I haven't given Memoirs Of A Geisha a number because I first read it and loved it when I was either 20 or 21, so it doesn't count towards the challenge. The reason I'm reflecting on it again now is because I re-read it for book club last month.

It is the story of Chiyo, a young girl from a fishing village sold into the geisha culture by her elderly father as her mother lays dying. Her older sister Satsu fairs worse - directly sold into prostitution. Geisha are not prostitutes in traditional Western understanding terms more entertainers for wealthy men.

What I loved about it the first time round was the elegance of the prose which I found poetic and evocative - a portrait of a time, place and tradition which has all but disappeared. It has the qualities which I so like about literature in general, a sense that the existence of the novel enables the reader the time travel.

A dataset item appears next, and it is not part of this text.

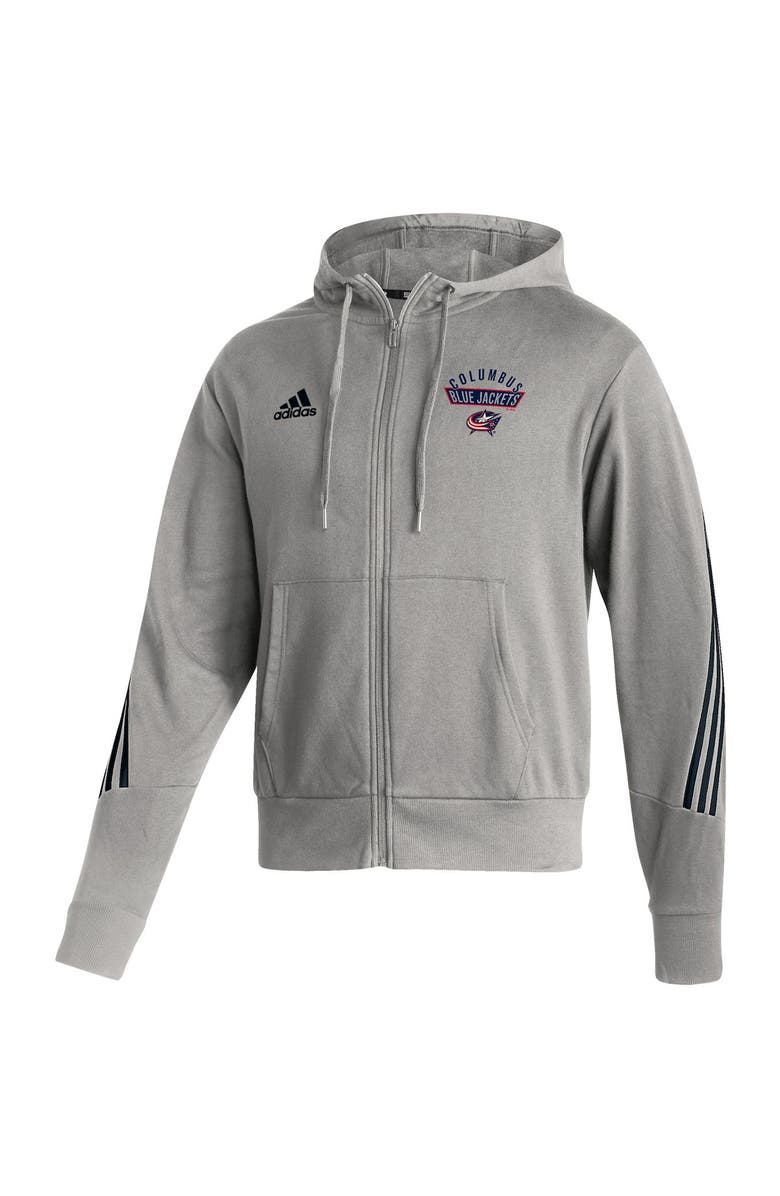 adidas Men's adidas Heathered Gray Columbus Blue Jackets Fashion Full-Zip Hoodie, Alternate, color,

On a second read it was surprising to me that I did not empathise with Chiyo anymore after she transforms into Sayuri, I found the life of the Geisha girls shallow and repetitive and Sayuri herself an ungrateful and at times nasty character.

There are certain points I think at which the reader is meant to be cheering Sayuri on but I couldn't help but feel concern for those who had been damaged by her actions rather than rejoice in her triumphs.

I hated her ultimate vindictiveness towards a character who had always, always taken care of her and I felt her "romance" with the Chairman lacked foundation, substance or credibility.

It's a really, really odd thing to love a book on first read and feel less enamoured of it on second read and I have to say that I think it must be something to do with maturity and the way your views on life and what you see as love change as you age.

My different opinions on the events in the book have shown me how much I have changed in ten years, and that's a really odd sensation. Try it with a book you once loved and see if the book is a different book because you are a different person.

Verdict : Still a good read 8/10

Destination : Keep, maybe I'll read it again in my 40s!  


  1. I felt a bit like you when I reread it but as you say, it's still a great read. Hated the film version and the liberties it took with the traditional dress and general appearance. A geisha would NEVER have wandered outside of the okiya with her hair all over the place and kimono in disarray like the Hatsumomo character, and indeed she doesn't in the book. The curse of cinema adaptations :-)

  2. Doesn't Hatsumomo look a bit of a state in the book when she gets kicked out though?